No playwright in the history of the American theater has captured the soul of the nation more incisively than Horton Foote.

From his Pulitzer Prize-winning play, The Young Man From Atlanta, to his film adaptation of To Kill a Mockingbird, which received an Oscar, millions of people have been touched by Foote's work. He has long been regarded by other playwrights and screenwriters, actors, and cognoscenti of the theater and cinema as America's master storyteller; critics compared him to William Faulkner and Anton Chekhov. Yet Horton Foote's compelling character and rich life remain largely unknown to the general public. His is the story of an artist who refused to compromise his talents for the sake of fame or money, or just to keep working -- who insisted on writing what he regarded as truth, even when for many years almost no one would listen.

In the first comprehensive biography of this remarkable writer, Wilborn Hampton introduces Foote to countless Americans who have admired his work. Hampton, a theater critic for The New York Times, offers a colorful, compulsively readable account of a life and career that spanned seven decades.

As a child in the small town of Wharton, Texas, Foote's favorite pastime was to listen to the stories his elders told -- about themselves, their families, their neighbors -- around the dinner table or sitting on the front porch.

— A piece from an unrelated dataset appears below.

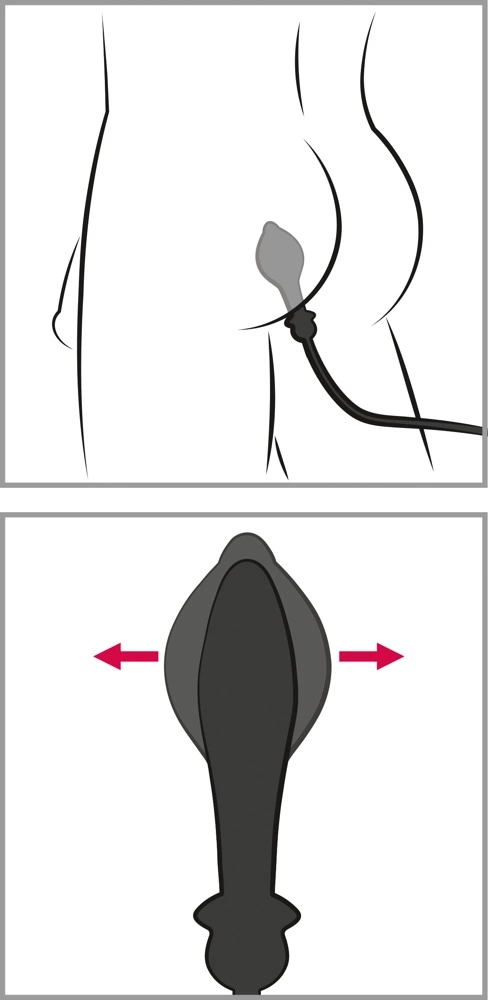 Image of Anal Fantasy Elite Auto-Throb Inflatable Plug, Silicone, Black, 13cm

As he once explained: "One thing I was given in life is a deep desire to listen. I've spent my life listening. These stories have haunted me all my life." The stories also served as an inspiration for Foote's life work as he chronicled America's wistful odyssey through the twentieth century, mostly from the perspective of a small town in Texas. Beginning in the Golden Age of Television with dramas such as The Trip to Bountiful, through Broadway and Off-Broadway successes, to the mark he made in films such as Tender Mercies, and right up through a staging of his complete nine-play opus The Orphans' Home Cycle, he documented the struggle of ordinary people to maintain their dignity in the face of hardship and change that the erosion of time inevitably brings. It is a theme Horton Foote lived. Yet the paradox that shines through his work is that while the externals of life alter over the years -- wealth may be gained or squandered, love may be won or lost, friends and relations die -- people themselves do not.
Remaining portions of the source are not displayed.